Review and photographs by Jason Spiro
Everyone, well, most everyone has something that they’d consider the breath of life: a hobby, avocation or leisure activity that provides literal or virtual sustenance. Foodies have their new restaurants. Aesthetes have jazz, classical and dance. But I need the comedy. I crave it. Until recently I’d absented myself from any live stand-up comedy experiences. I’m finding, lately, that I’m getting pulled back in, that I’ve got the bug.
It’s a little surprising and very heartening to know that there’s a dedicated group of comics who book local shows in smaller rooms, who bring talent from Western Mass, the mid-Hudson Valley and, more to the point, New York City or even Boston. When a New York comic of note is coming to town, I certainly make note. When two or more NYC comedians and a bevy regional talent is advertised, I have to make a point to attend. If it’s downtown and I don’t have to worry about drink minimums, that’s a huge bonus.
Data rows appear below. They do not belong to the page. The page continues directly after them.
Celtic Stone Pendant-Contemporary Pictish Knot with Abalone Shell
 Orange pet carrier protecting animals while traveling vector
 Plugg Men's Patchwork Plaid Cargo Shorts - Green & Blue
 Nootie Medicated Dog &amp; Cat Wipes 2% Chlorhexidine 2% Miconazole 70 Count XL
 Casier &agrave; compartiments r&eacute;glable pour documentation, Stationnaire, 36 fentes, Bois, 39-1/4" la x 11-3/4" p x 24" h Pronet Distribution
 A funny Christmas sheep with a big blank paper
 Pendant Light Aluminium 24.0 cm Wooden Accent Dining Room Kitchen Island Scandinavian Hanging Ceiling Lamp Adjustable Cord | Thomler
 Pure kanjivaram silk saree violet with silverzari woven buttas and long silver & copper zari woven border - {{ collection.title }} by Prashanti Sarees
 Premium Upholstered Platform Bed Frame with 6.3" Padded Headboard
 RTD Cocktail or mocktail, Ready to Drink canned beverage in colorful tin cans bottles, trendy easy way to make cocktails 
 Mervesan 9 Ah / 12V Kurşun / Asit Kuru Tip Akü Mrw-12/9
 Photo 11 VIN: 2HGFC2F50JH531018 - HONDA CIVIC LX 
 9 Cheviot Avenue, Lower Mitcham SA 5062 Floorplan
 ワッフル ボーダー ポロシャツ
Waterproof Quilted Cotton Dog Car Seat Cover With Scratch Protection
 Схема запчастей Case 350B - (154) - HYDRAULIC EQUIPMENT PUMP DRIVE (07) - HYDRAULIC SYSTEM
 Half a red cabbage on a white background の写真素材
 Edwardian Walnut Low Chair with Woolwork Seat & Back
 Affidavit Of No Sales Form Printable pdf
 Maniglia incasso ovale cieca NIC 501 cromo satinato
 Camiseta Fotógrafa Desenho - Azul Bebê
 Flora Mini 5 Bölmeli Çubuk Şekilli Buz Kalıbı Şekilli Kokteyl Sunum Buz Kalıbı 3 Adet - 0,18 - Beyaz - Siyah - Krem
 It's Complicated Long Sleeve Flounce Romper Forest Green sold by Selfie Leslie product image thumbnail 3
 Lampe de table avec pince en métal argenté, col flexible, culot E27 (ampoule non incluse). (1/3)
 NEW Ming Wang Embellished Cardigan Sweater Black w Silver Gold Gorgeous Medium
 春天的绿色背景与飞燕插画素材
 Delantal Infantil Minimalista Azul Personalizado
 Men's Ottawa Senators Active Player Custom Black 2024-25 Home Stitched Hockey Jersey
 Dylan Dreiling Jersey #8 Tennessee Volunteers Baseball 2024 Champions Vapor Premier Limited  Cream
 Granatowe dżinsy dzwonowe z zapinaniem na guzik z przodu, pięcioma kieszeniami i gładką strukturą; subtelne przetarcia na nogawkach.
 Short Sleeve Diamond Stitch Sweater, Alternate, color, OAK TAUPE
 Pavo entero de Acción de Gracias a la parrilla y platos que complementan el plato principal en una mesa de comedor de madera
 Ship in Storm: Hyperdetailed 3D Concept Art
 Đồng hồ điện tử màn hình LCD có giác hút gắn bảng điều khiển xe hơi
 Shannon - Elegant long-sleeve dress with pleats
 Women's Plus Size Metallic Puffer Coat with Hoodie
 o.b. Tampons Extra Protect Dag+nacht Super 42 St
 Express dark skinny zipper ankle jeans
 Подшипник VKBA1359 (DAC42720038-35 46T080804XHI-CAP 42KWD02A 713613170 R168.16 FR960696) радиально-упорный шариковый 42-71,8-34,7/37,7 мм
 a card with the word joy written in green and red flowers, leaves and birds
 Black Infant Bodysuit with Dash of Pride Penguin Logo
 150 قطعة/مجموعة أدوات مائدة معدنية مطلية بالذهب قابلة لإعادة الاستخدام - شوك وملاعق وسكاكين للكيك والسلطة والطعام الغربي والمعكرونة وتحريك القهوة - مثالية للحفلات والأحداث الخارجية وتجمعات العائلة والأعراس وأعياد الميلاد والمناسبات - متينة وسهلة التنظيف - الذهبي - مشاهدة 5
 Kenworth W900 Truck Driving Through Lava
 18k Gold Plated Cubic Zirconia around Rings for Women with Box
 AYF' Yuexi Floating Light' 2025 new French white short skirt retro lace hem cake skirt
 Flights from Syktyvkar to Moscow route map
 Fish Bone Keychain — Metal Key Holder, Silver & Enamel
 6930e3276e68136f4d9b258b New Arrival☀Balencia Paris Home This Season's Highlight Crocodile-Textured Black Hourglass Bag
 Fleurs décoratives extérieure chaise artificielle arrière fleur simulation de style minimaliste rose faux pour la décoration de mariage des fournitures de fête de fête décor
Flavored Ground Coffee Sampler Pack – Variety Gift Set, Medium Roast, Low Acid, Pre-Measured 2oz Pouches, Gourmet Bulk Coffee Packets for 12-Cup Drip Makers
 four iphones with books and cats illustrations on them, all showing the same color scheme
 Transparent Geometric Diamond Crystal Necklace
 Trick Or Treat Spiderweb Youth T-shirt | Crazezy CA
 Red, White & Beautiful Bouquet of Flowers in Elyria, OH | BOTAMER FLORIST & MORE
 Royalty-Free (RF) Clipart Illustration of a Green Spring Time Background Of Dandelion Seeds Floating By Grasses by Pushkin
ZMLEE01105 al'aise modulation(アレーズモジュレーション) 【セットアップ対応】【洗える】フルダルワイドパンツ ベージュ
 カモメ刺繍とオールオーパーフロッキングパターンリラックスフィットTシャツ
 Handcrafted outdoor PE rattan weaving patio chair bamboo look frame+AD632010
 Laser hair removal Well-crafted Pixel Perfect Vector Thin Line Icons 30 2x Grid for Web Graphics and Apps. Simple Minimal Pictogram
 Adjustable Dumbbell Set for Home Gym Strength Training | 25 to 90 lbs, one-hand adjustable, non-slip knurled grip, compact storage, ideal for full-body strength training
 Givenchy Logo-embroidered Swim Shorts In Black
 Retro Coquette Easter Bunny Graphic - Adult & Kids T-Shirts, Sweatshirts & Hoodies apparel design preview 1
It was a kind of DIY comedy show, but in an environment styled after “big room” comedy. The dinner crowd looked well fed, sated and ready for more when the show began. Emcee and Schenectady resident Russell Davignon delivered his jokes, introduced the acts and provided a firm hand (yes, apparently even pros need “the light” to know their set is over) to keep the show tightly paced.
It felt, in essence, like a night of headliners, with an early set delivered by Angela Cobb from Queens, that was a highlight. Cobb has something going for her besides innate charm, great material and chops – it’s the intangible element, helped of course since she “killed,” that makes it likely she’ll become a big name in short order.
Regional acts Tony Rogers and Christine Boudreau, along with New Yorker Wilson McDermut, kept the night alive with the requisite amount of personal material while wowing the audience. Rob Shapiro burned a swath through the room with his impressive, highly confessional mix of stand-up chops and alt-comedy stylings. Frank Vignola, a 20-plus year veteran of comedy, commanded the attention of the crowd with polished gems and crowd work. The second, or third, or fourth headliner, Michael Raive of Clifton Park, finished out the night after a successful set with a New Year’s Eve toast and a grateful thanks to the satisfied crowd.
Raive was good in his role, and he co-organized the event. I’m on the lookout for more shows produced by him and his friends.